Uno de los hombrecillos encogió los hombros.

—Está al caer.

—Ya es hora —gruñó el primero de los conversadores—. No conocemos a vuestro jefe, pero… ¡Esta inútil espera nos ha impedido efectuar empresas gloriosas!

—¡Idiota! —vociferó el hombrecillo—. ¿Sería glorioso caer en las redes de la policía? Eso es lo que esperaba. ¡Gorilas!

—¡Ah! —rugió otro hombretón—. ¿Insultas a los Camaradas? Pronto estamparé el símbolo de la Mano Roja en tu pescuezo.

Se incorporó a medias. Uno de sus compañeros tiró de él hacia la silla.

—Trabajamos juntos. Renunciad a las peleas —ordenó—. Sé que ese rey Víctor castiga la indisciplina.

Anthony se escondió detrás de un matorral. Los pasos del centinela sonaban en la oscuridad.

—¿Quién va? —preguntaron desde la casa.

—Soy Carlo.

—Bien. ¿Y el prisionero?

—Empieza a recobrar el conocimiento. Se resiente del golpe.

Anthony se alejó.

—¡Qué hatajo de fantoches! —murmuró—. Discuten al pie de la ventana abierta y Carlo ronda como un elefante borracho y miope como un murciélago. Y herzoslovacos y franceses la van a emprender a golpes. El cuartel del rey Víctor parece una jaula de loros. Me complacería administrarles una lección.

Se paró irresoluto. Sobre su cabeza sonó un gemido.

Anthony miró a lo alto. Repitióse la queja.

Carlo tardaría algo en completar la ronda. Anthony asió la enredadera y se encaramó por ella hasta el hueco de una ventana. Estaba cerrada. La forzó mediante una minúscula herramienta que llevaba en el bolsillo.

Escuchó, antes de saltar a la habitación como una sombra. En la penumbra, vio un lecho en un rincón y un bulto humano encima de él.

Anthony enfocó la linterna hacia el rostro de la figura.

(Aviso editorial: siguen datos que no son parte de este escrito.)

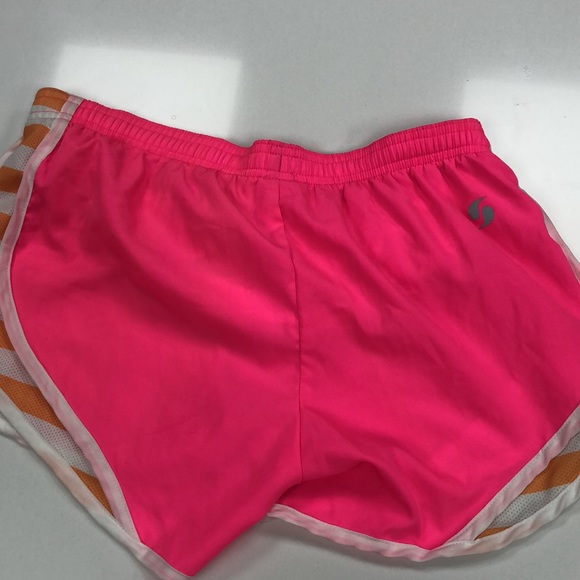 Athletic shorts - Picture 2 of 3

Era una cara extranjera, pálida y demacrada, cuyo cráneo rodeaban varias vendas.

El hombre estaba atado de pies y manos. Contempló atontado al intruso, para él un desconocido.

Al inclinarse sobre él, un chasquido hizo que Anthony se volviera, alargando la mano hacia el bolsillo de la chaqueta.

Una orden perentoria le inmovilizó.

—Manos arriba, hijito. ¿Le sorprende? Tomamos el mismo tren en la estación Victoria.

Era, ni más ni menos, mister Hiram P. Fish quien estaba en la puerta. Sonreía. Su diestra aferraba una enorme automática.